Dans une perspective historique, c’est une décision qui est mauvaise car une occasion manquée de faire la part plus belle aux actes qu’aux déclarations. La Suisse, dont je soutiens fermement qu’elle ne s’exposait à aucune sanction à « faire juste », s’est mise en porte-à-faux du Parlement européen lequel, sur rapport suisse de M. Marty d’ailleurs, étant le seul organe démocratique à s’être prononcé, a condamné ce système. C’est une mauvaise décision parce que le vent va clairement dans le sens contraire de la position prise par la Suisse in casu. La Cour de Justice des Communautés vient de le dire en appel en statuant que les régimes de sanctions ne peuvent pas s’appliquer sur le territoire de la Communauté s’ils violent les garanties fondamentales de procédure – le respect des Droits de l’Homme étant obligatoire sur son territoire point barre. La Cour Européenne des Droits de l’Homme, dédiée elle à leur protection, ne pourra faire moins que la « généraliste » CJCE – et condamnera la Suisse. C’est là une chronique très suisse du petit bras, de la frilosité, du manque de vision, du manque de courage, du « faites ce que je dis pas ce que je fais » et donc d’un embarrassment annoncé.
Bonjour Monsieur.
Etudiante en master 2 à la faculté de droit de Strasbourg, je m’intéresse de très près à cette affaire.
Mais j’ai quelques interrogations en suspens. Ne pensez pas que la Cour de Strasbourg rejettera tout simplement l’affaire en refusant l’équivalence de protection des droits de l’homme ( bosphorus) et en faisant primer le droit de l’ONU sur celui découlant de la Convention?
Est -il possible, comme avait tenté de le faire le tribunal de première instance de l’Union européenne, d’invoquer le Jus cogens pour sanctionner l’exécution d’une résolution du Conseil de sécurité en contradiction avec ce droit international supérieur?
je n’arrive pas à comprendre quel pourra être le raisonnement de la Cour et j’ai bien peur qu’il ne soit pas à l’avantage du requérant…

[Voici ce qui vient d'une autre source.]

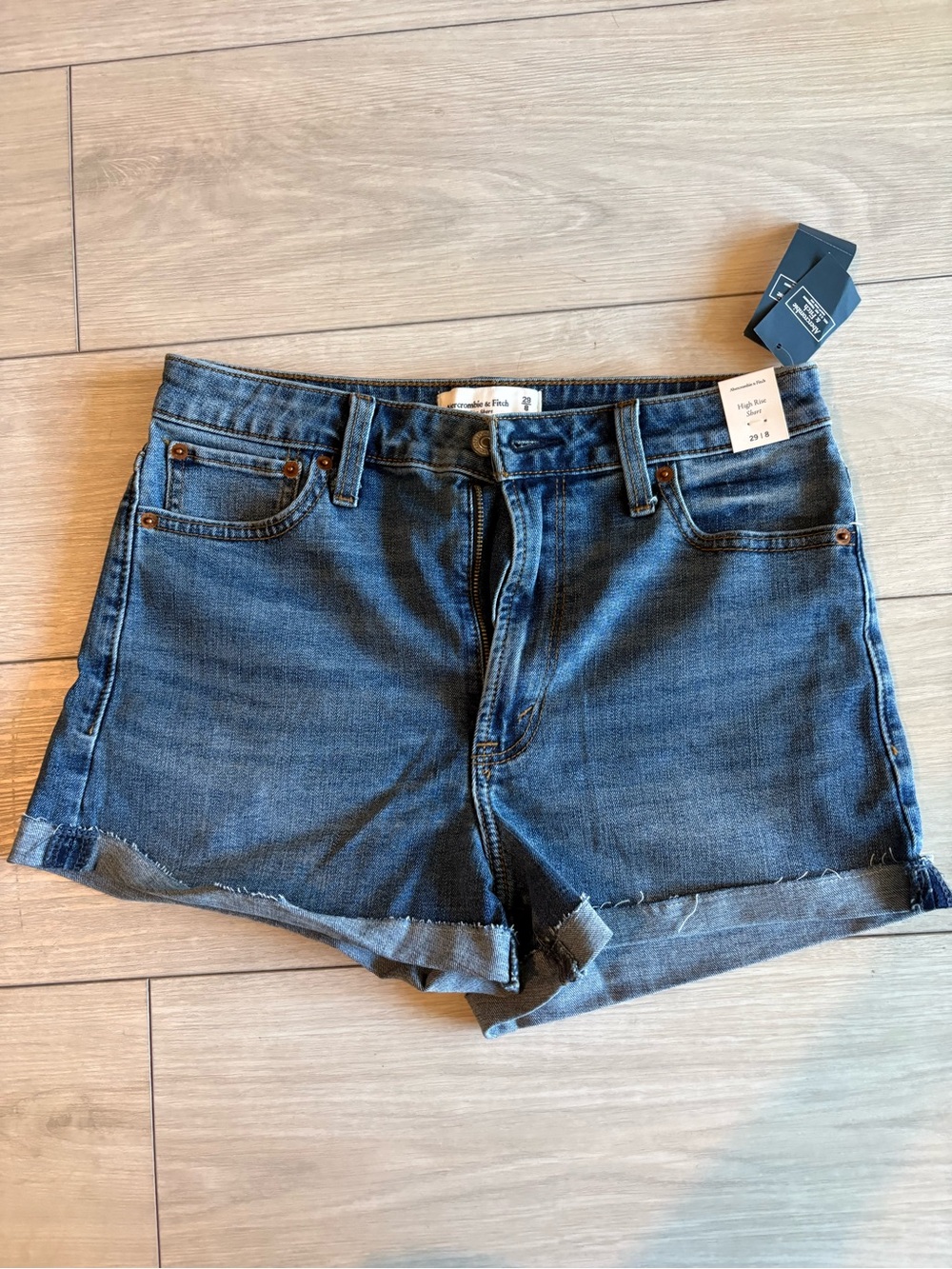 Abercrombie & Fitch Dark Blue Denim Cutoff Shorts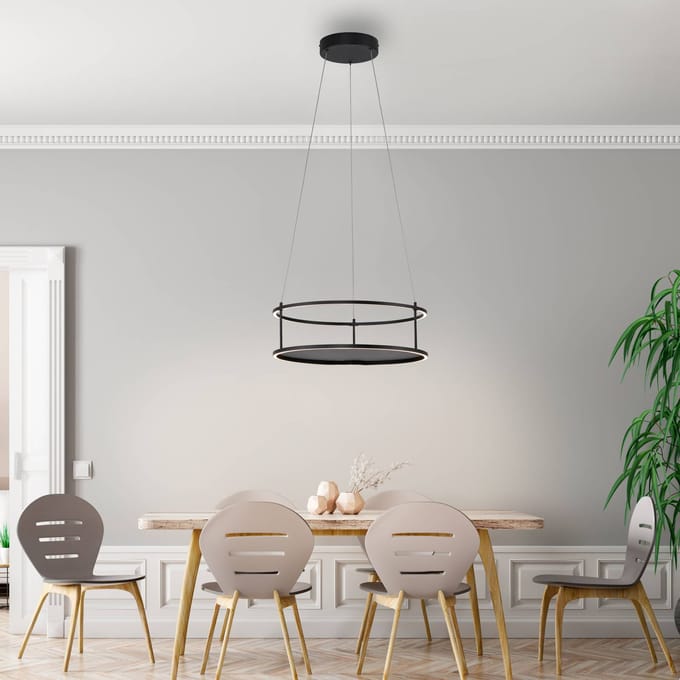 Paul Neuhaus LED hanglamp Conni, zwart, Ø 50 cm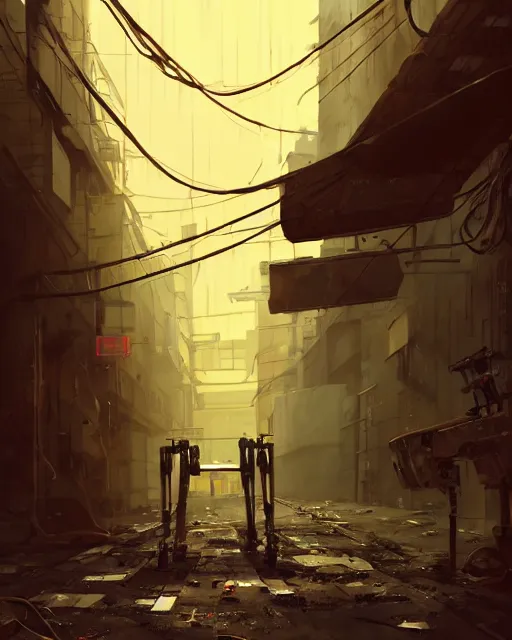 Prompt: rusting tape machine robot discarded in an alley way, cinematic lighting, detailed, cell shaded, 4 k, warm colours, concept art, by wlop, ilya kuvshinov, artgerm, krenz cushart, greg rutkowski, pixiv. cinematic dramatic atmosphere, sharp focus, volumetric lighting, cinematic lighting, studio quality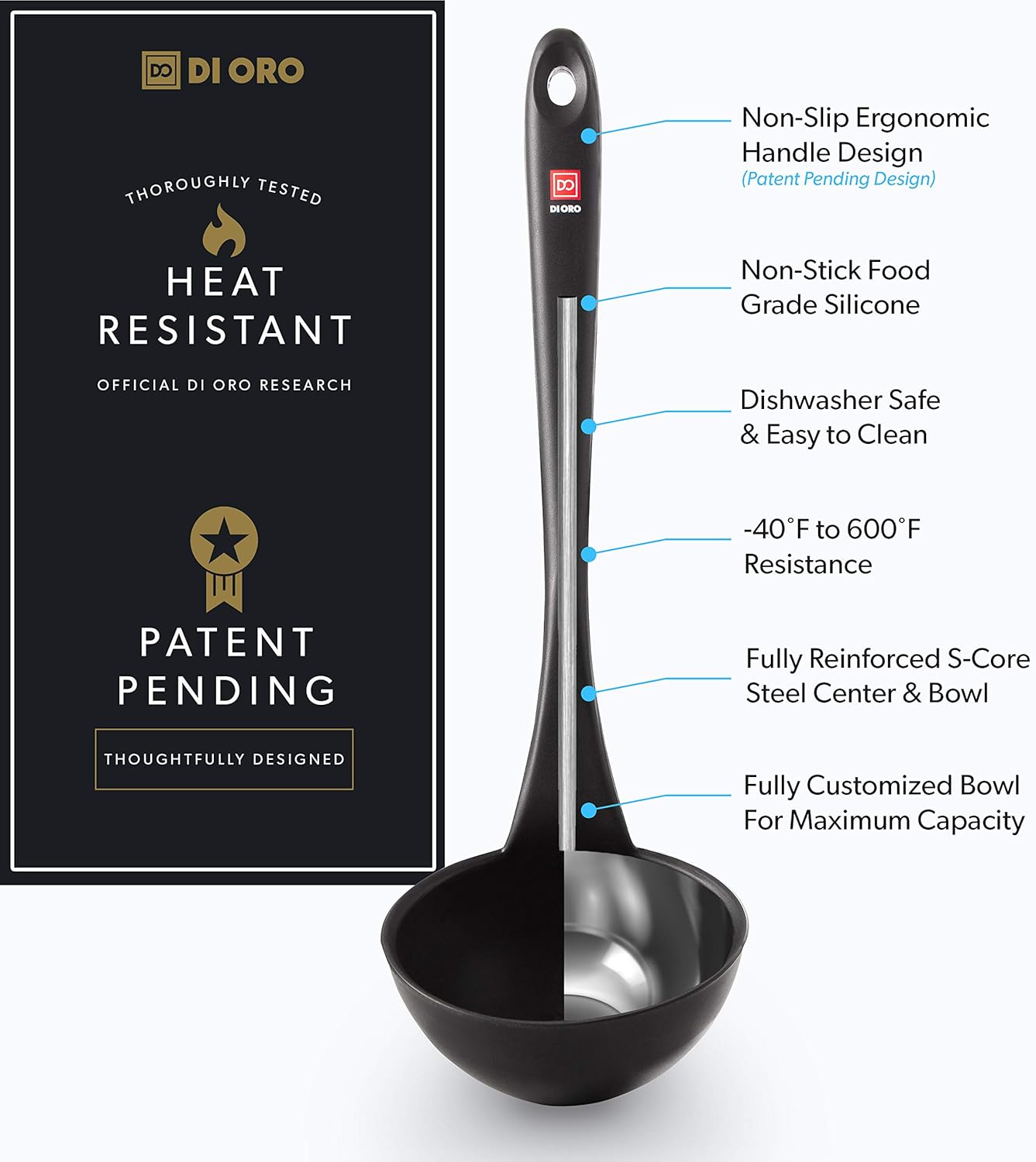 DI ORO Silicone Ladle – Soup Ladle for Cooking & Serving Heat-Resistant - Large Kitchen Soup Ladle Nonstick Cookware Safe - Soup Serving Spoon with Wide Bowl - Silicone Utensil Dishwasher Safe (Black)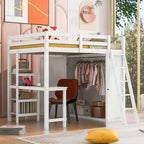 Full Pine Loft Bed with Wardrobe, Desk, Shelves, and Guardrail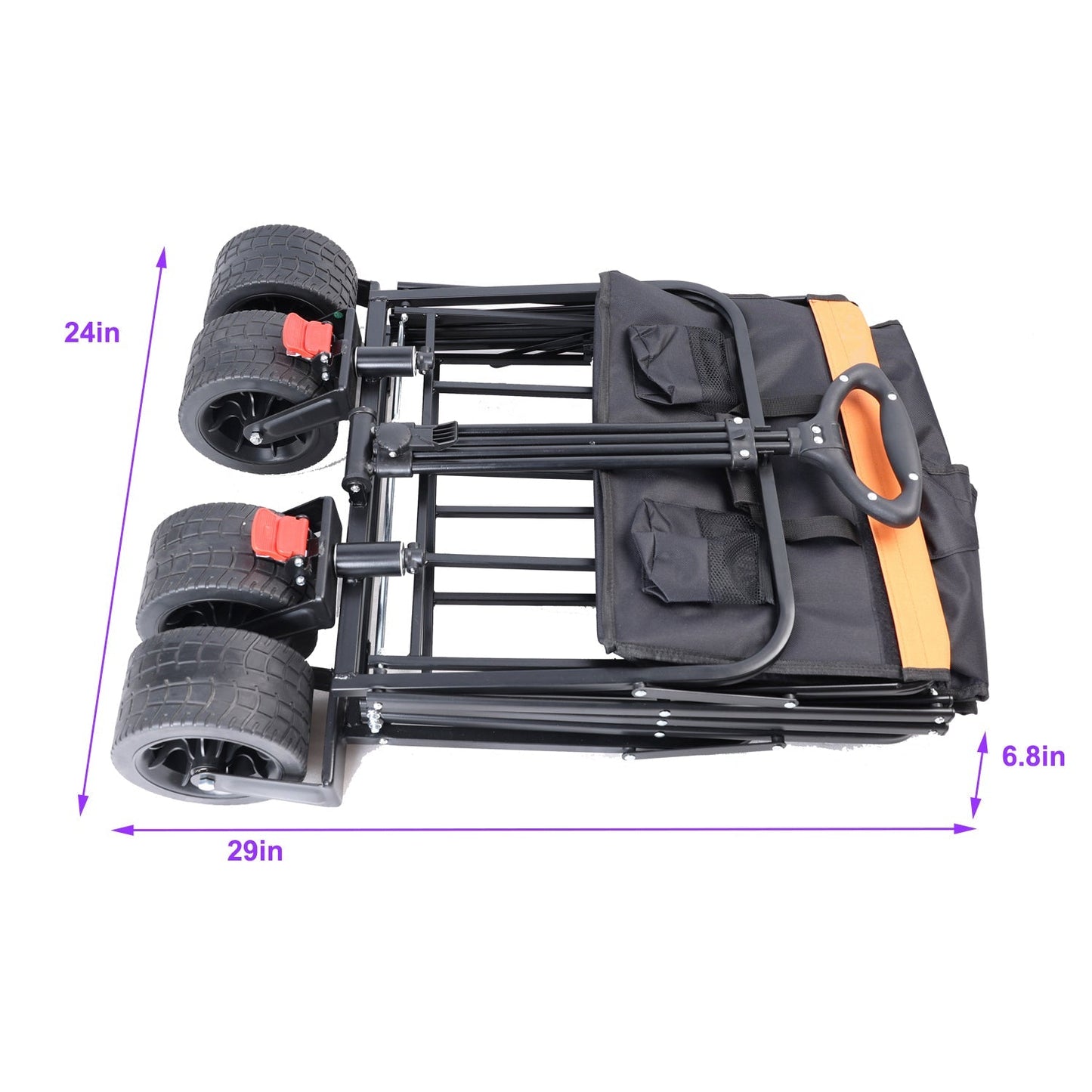 HouseOfZazla folding outdoor wagon cart with extender in black and orange, 4 wheels on Tampa Home & Garden Store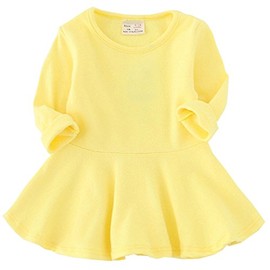 Csbks Toddler Baby Girls Long Sleeve Cotton Dress Solid Ruffle Tops 2T Yellow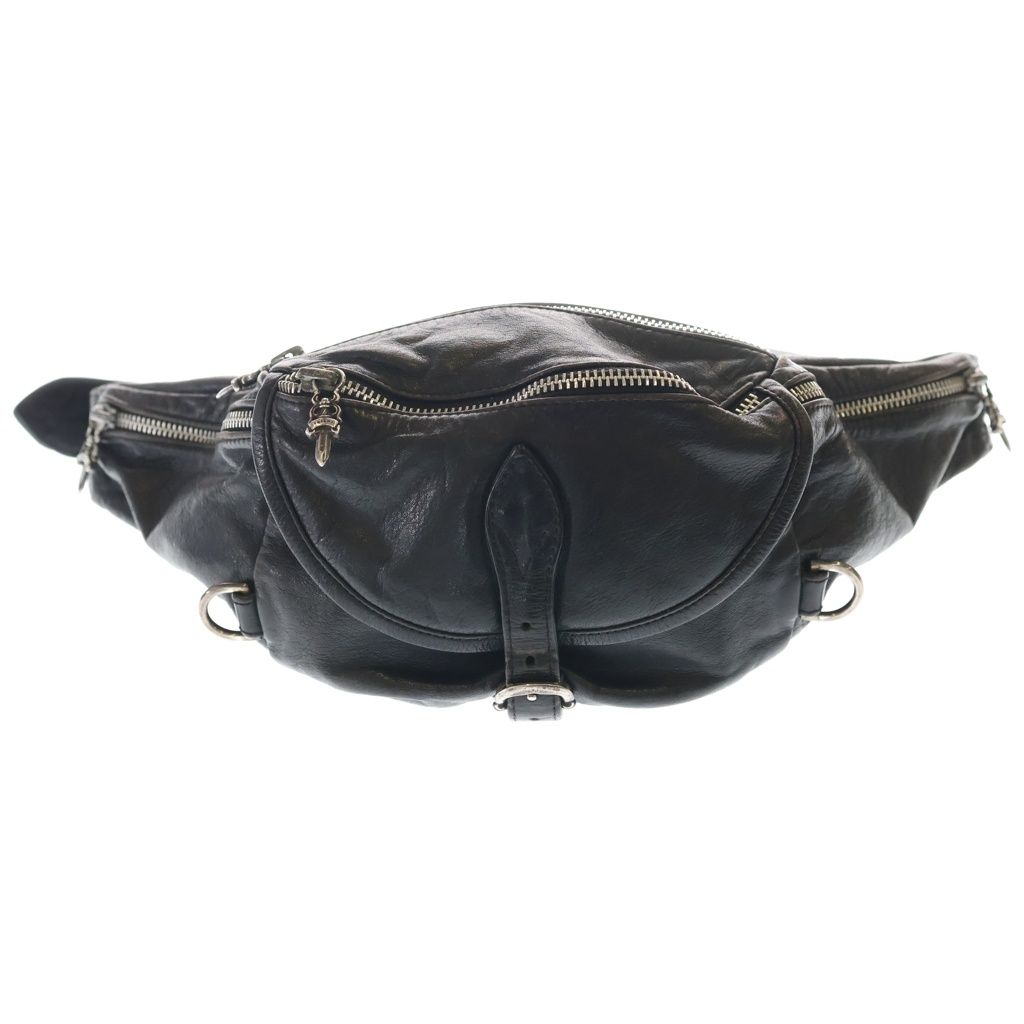 Chrome Hearts 1 Snat Pack Daga Zip Gunslinger Belt Leather Waist Bag Black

bonnes fêtes de fin d’année.
A
Merci et pour votre intérêt – et ce risque existe puisque c’est la solution suivie par le Tribunal fédéral suisse. La situation a toutefois passablement évolué depuis ce post en 2008, notamment et significativement avec les jugements et arrêt Kadi. Je ne suis donc pas aussi pessimiste. Une solution par le jus cogens ne nous semble résolument pas juste. Il y a deux axes, en très résumé. Le premier est que la CourEDH, dédiée aux droits de l’homme, ne peut pas aller moins loin sur ce sujet que les juridictions « généralistes » que sont le Tribunal et la CJCE. Ensuite, le problème n’est pas tant de prendre l’art. 103 de la Charte aveuglément -contre la CEDH. Il n’a pas vocation à paralyser les droits de l’homme alors que la Charte les postule et que sur le point litigieux, le Pacte ONU II la même teneur que la CEDH. Cela serait hypocrite, faux et schizophrène. Il restera toujours ici ce problème fondamental : l’ONU ne peut imposer aux Etats membres d’appliquer des sanctions qui violent tant la CEDH que ses propres textes et principes dont le Pacte, et alors qu’elle a toujours proclamé que la mise en œuvre des sanctions devait respecter les droits de l’homme.